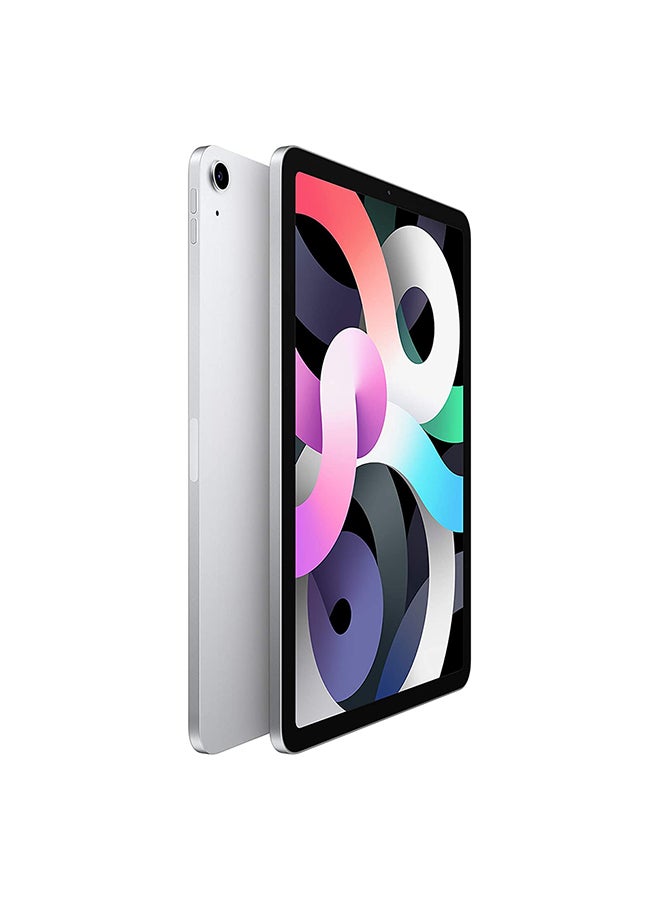 Apple - iPad Air 2020 (4th Generation) 10.9-inch 256GB WiFi 4G LTE Silver with Facetime - International Version - Image 1
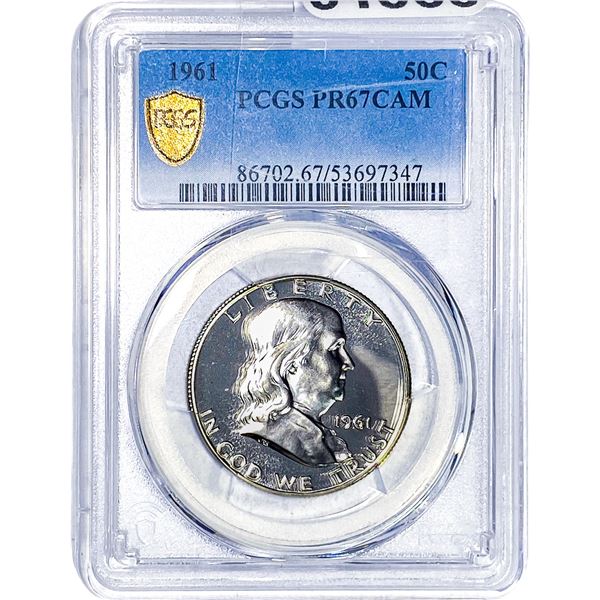 1961 Franklin Half Dollar PCGS PR67 DCAM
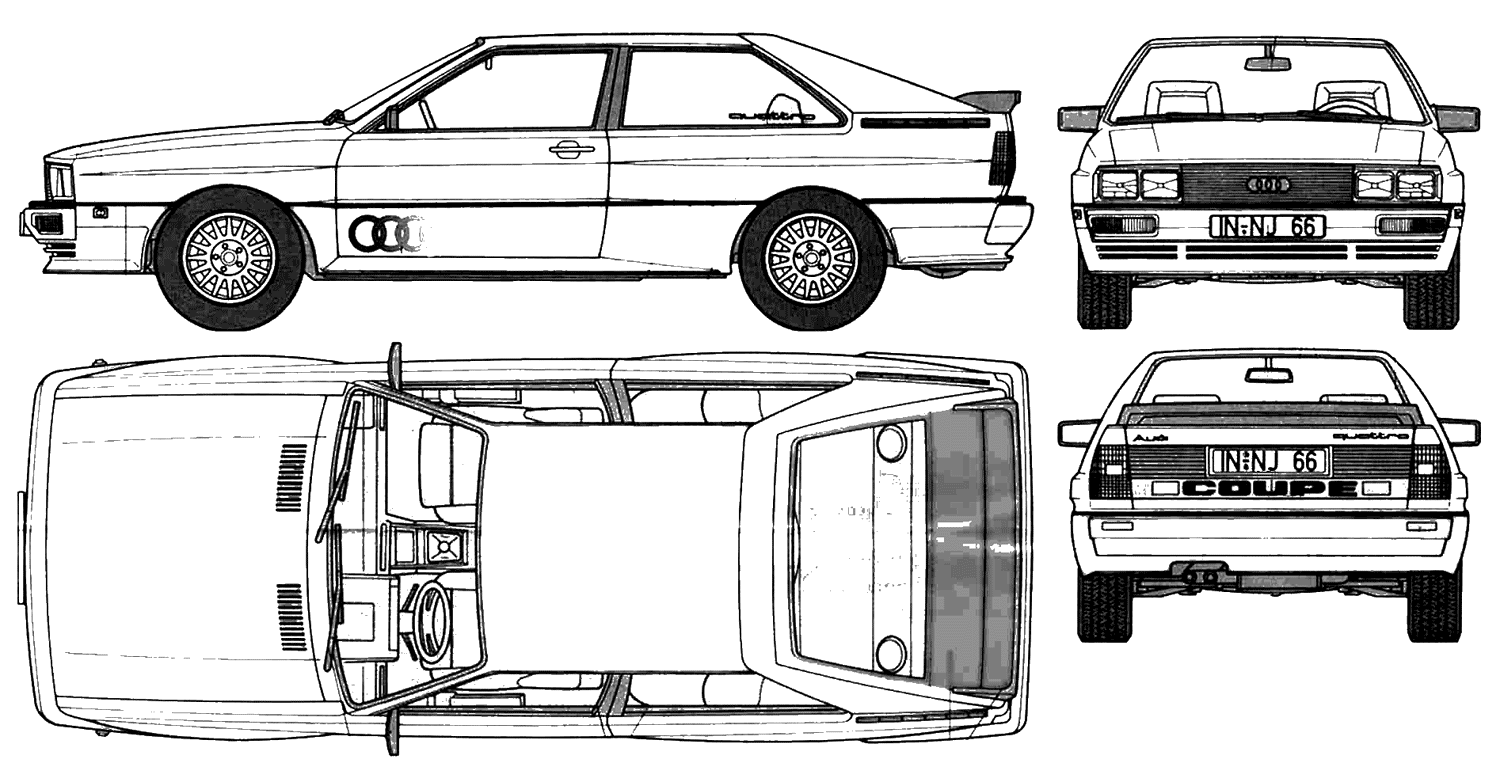 Karozza Audi Quattro 1981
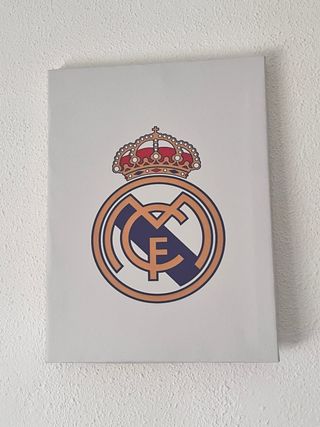 Cuadro Real Madrid Corona Escudo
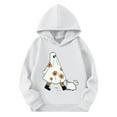 thumbnail image 1 of Kids Fleece Hoodie Pullover Top Youth Long Sleeve Casual Hoody Girls Boys Unisex Sweatshirt White 4-5 Years, 1 of 6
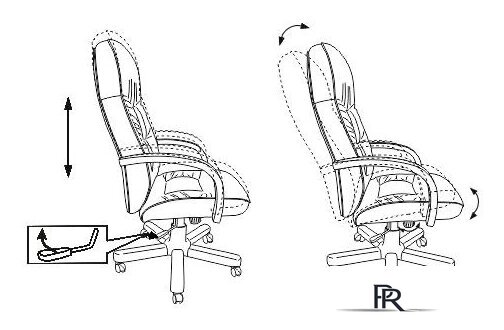 Офисное кресло Бюрократ T-9908/WALNUT (черный) - Изображение №6 — Интернет-магазин ПроЗаказ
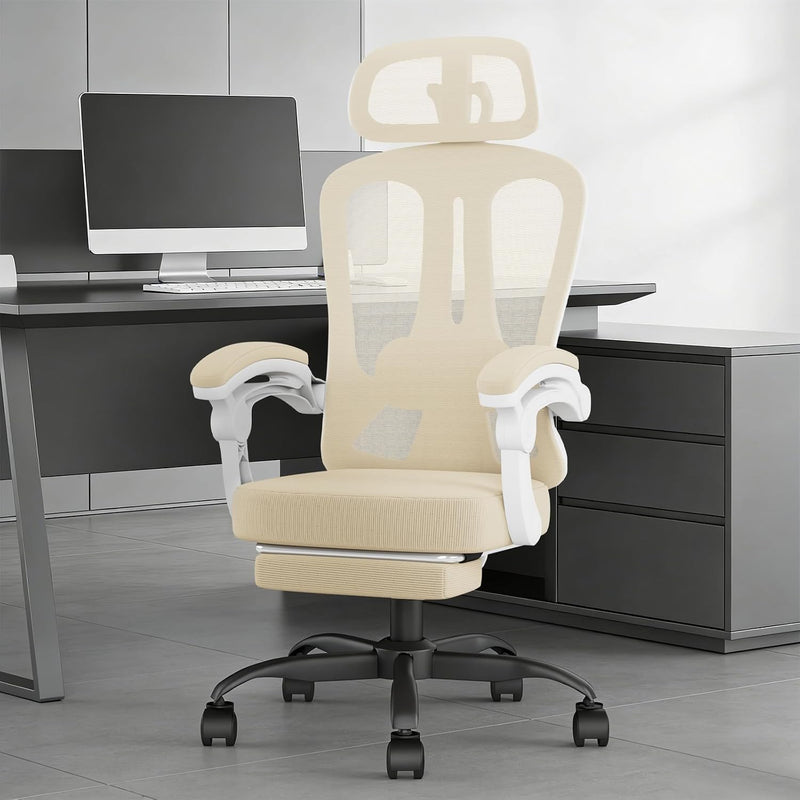 Office Chair with Footrest Headrest Ergonomic Computer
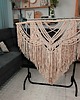 makramy OD RĘKI Duża Makrama 120 cm jasny beż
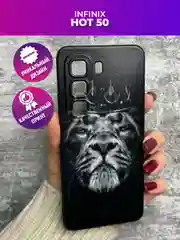 Манго чехол для Infinix HOT 50 4G с принтом, с рисунком (Инфиникс ХОТ 50 4Джи)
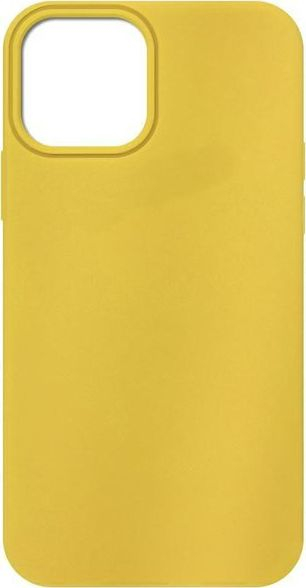 Mbrojtëse telefoni Jelly Liquid për iPhone 12 mini 5.4", silikoni, e verdhë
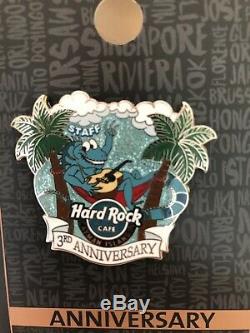 New HARD ROCK Cafe CAYMAN ISLANDS 3rd Anniversary STAFF PIN Limited Ed LE100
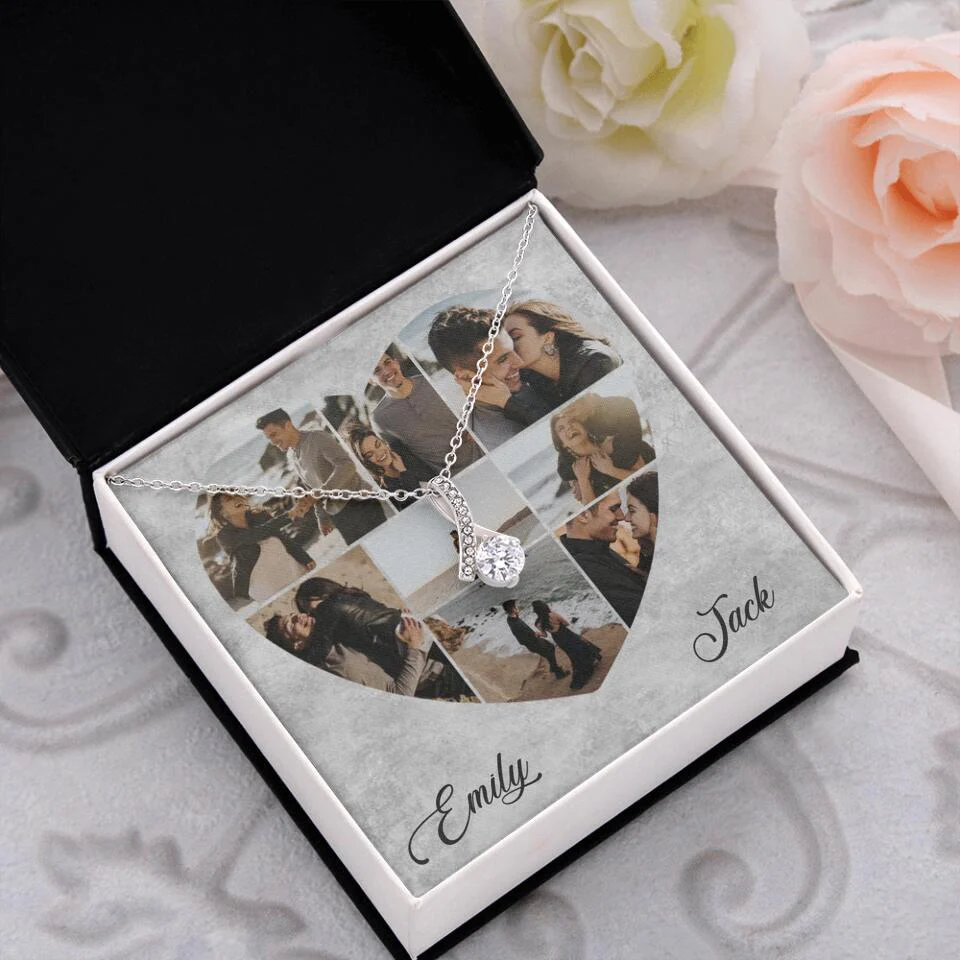 Heart Shaped Photo Custom Necklace Anniversary Gift For Wife Girlfriend - Image 41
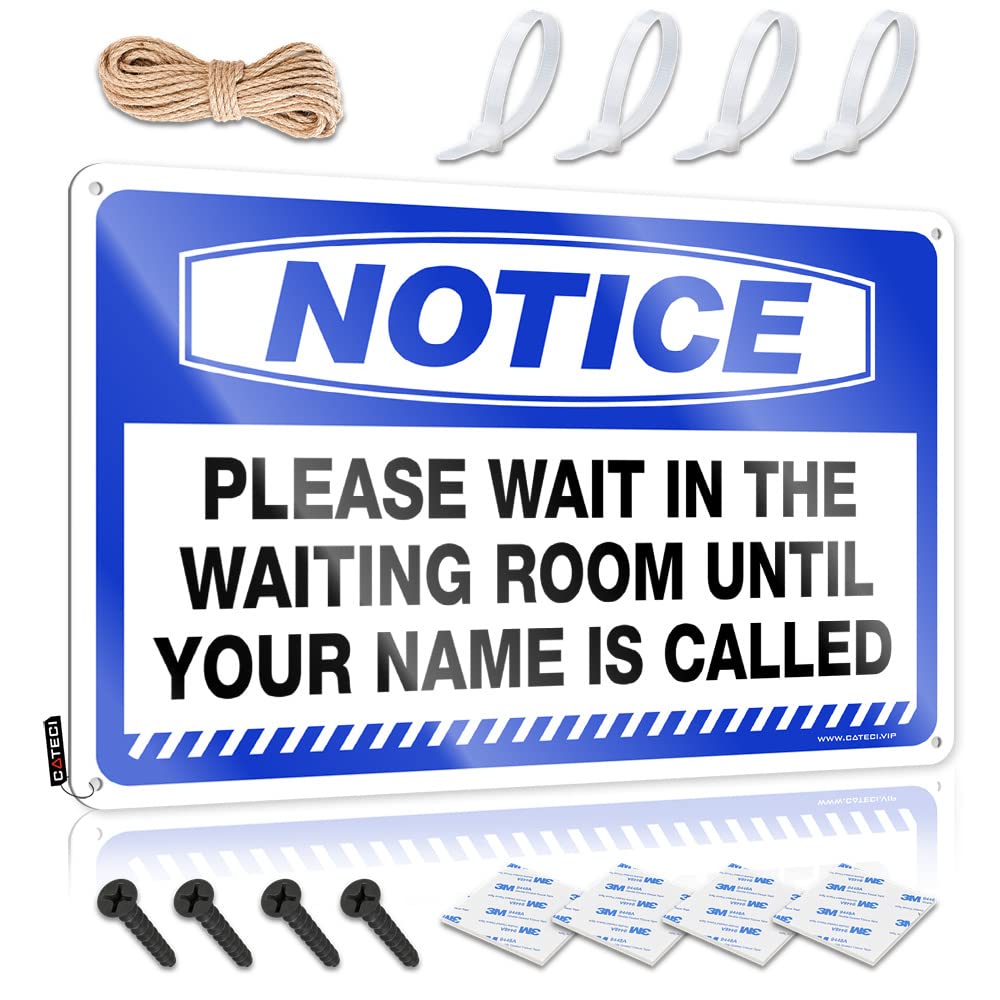 Metal Signs Funny Notice Please Wait In The Waiting Room Until Your Name Is Called Tin Sign Funny Garage Tin Sign Man Cave Signs And Decor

### Problem details
Begin at the line with "Heart Shaped Photo" and retype exactly every line through the last one of the entries above, both included, and nothing more; pictures stay out.

### Solved exercise
 Heart Shaped Photo Custom Necklace Anniversary Gift For Wife Girlfriend - Image 41
 Metal Signs Funny Notice Please Wait In The Waiting Room Until Your Name Is Called Tin Sign Funny Garage Tin Sign Man Cave Signs And Decor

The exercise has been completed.